The AR World Championships - Costa Rica
The Morning After the Night Before
Rob Howard / 03.12.2013


As a foggy dawn broke Transition One was busy with teams preparing to set off on the first paddling stage. By this stage the transition field was awash with mud and the mosquitoes were massing and biting, but as teams rode in (coming along the road from both directions), they didn’t care, they were just glad to have arrived!
It had been a long, hard first night of the race, and the competitors and their bikes were caked in mud after the overnight rains. It sounds like the teams did miss the worst of the deluge, which left the roads a foot deep in water in places nearer the coast, but they did encounter some rain. “It wasn’t too bad,” said Wendy Fjellstad of Team Peaklife Sport, “we had some rain and put our jackets on, but it wasn’t cold. It was the mud which was the problem.”
Her team mate Karl Webster was more forthright. “I’m not sure whose idea of a joke that was,” he said, “we carried the bikes for hours and the muddy gullies were horrendous – I’m sure no one has ever ridden some of those trails before – they were not meant for mountain biking!”

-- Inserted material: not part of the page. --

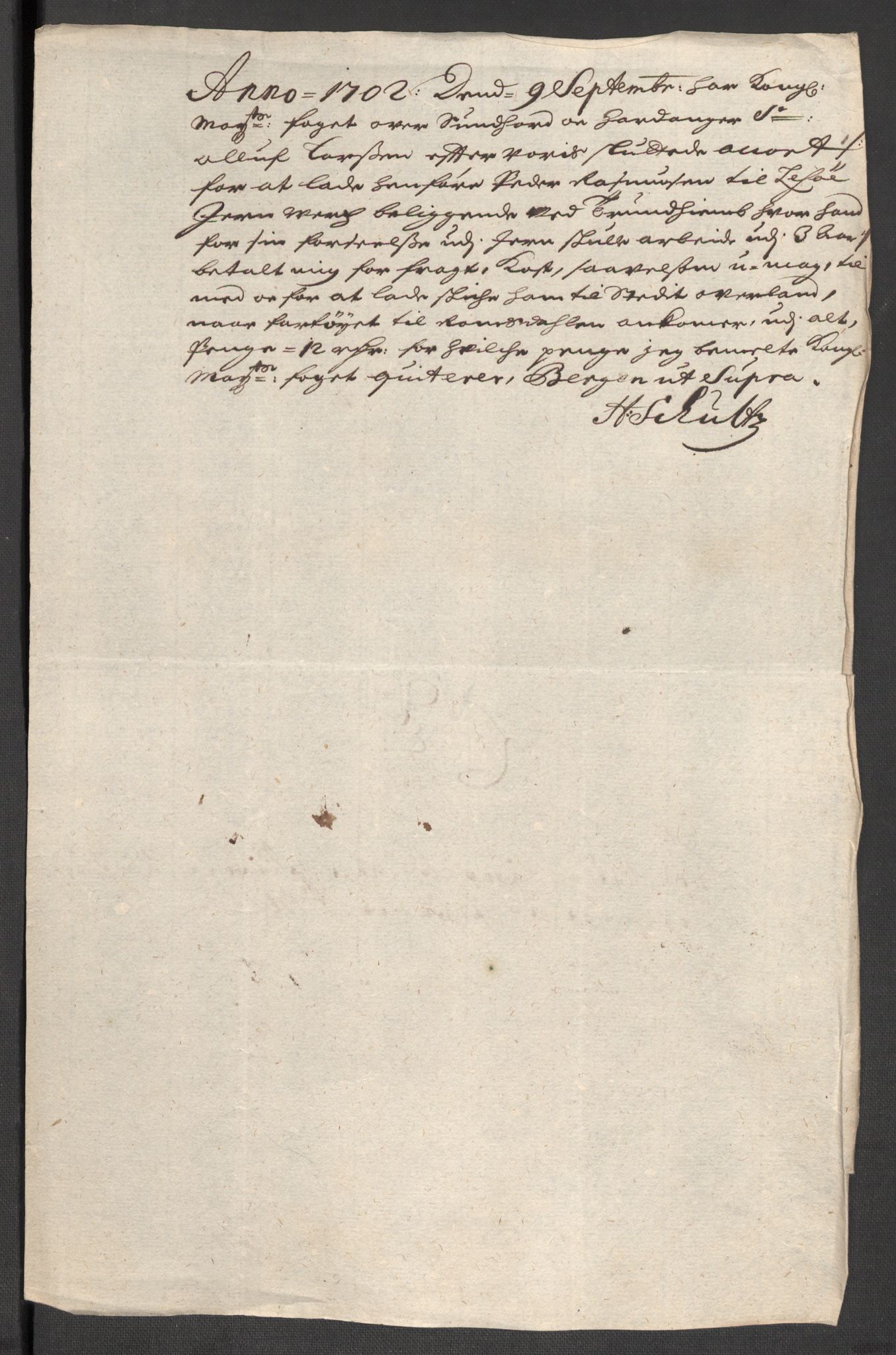 Rentekammeret inntil 1814, Reviderte regnskaper, Fogderegnskap, AV/RA-EA-4092/R48/L2980: Fogderegnskap Sunnhordland og Hardanger, 1702, p. 192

At the time this team were deciding whether to wash the bikes or leave them, but most took them down to the river to wash off.

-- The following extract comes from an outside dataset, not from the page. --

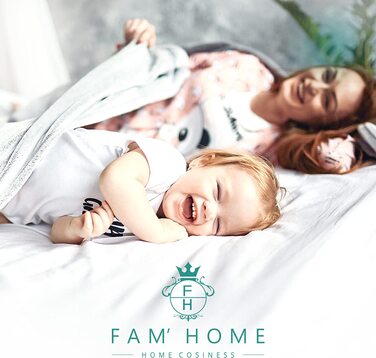 Дитячий комплект ковдри та подушки FAM Home антиалергічний, що миється (100x135 см / 40x60 см)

In transition at the same time were the La Ruta Landrover team with ‘the Italian adventure racer’, Marco Ponteri (he is usually the only one at big races like this). He was with the team representing ‘La Ruta’ perhaps the world’s premier endurance mountain bike race, which crosses Costa Rica coast to coast, and race founder Roman Urbina is on the team.
He was busy dismantling his bike in the mud and commented, “I didn’t really enjoy carrying my bike for 5 hours – you should ride a bike not carry it! As you can see we are not really adventure racers – we are mountain bikers pretending to be adventure racers!”

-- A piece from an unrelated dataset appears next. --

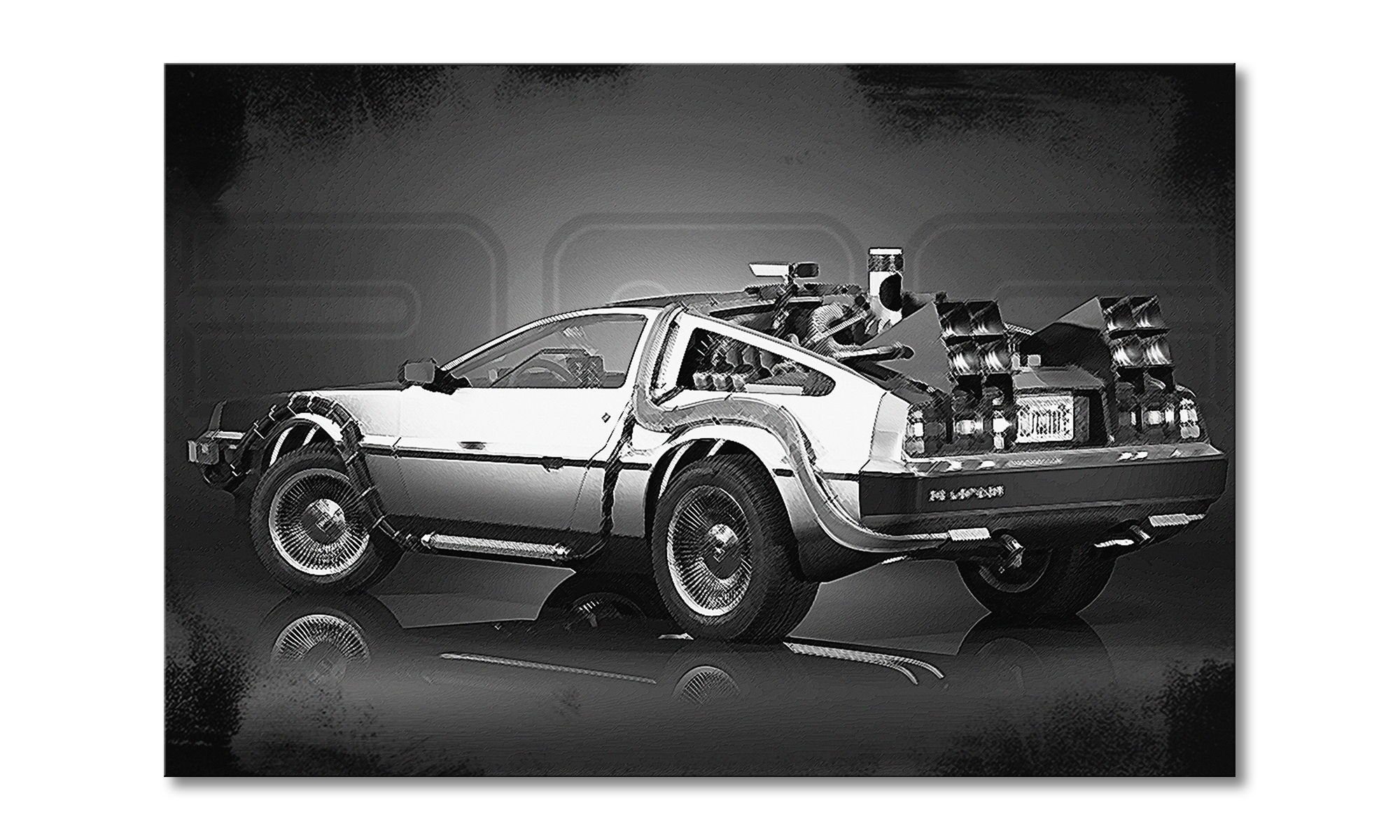 WandbilderXXL Leinwandbild DeLorean, (1 St), Wandbild,in 6 Größen erhältlich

Team Dark Horse from the USA were busy sorting their gear, and discussing why the kayak gear box was not at this transition, which it isn’t apparently! “It’s just another one of those little challenges,” said Tom Smith. He was talking to Molly Houseman who is on her first long adventure race. This a quite a race to start with!
“The mud and carrying was crazy,” she said, “there was one place where there must have been about 50 people queuing to get down a slot canyon of mud in single file, and everyone was helping each other out. We did get wet for a while, it went from fog to mist to rain to a downpour.” This is a team with some experience of Costa Rica as both Smith and David Darby have done all 4 Costa Rica Adventure Races, but after that night Smith said, “Pongo is off my Christmas list now, he’s not getting a card!” (Pongo is the nickname of the Race Director.)
There was no let up for the teams either as they all had to drag their heavy bike boxes through the mud across to the truck and pump up their own kayaks, which took a while. Once that was done they could slide down the muddy bank into the water of the Rio Coto Colorado. They would follow this for some distance out into the delta and onto the ocean, but even at the put in position it was broad and fast flowing.
The leaders had passed through this transition much earlier, moving an hour quicker than the predicted race time, despite the weather. Thule Adventure had made a break and were chased into transition by Columbia Vidaraid , quickly followed the rest of the top teams. Near CP5 on the ride there had been 14 teams all together in the chasing pack, and even by TA1 the first 12 teams came in within an hour of each other.
Seagate and Haglofs Silva were particularly quick in transition and as teams set off onto the ocean it was the 3 most successful squads of recent years, Thule Adventure, Seagate and Haglofs Silva leading the way, but the chasers were not far behind.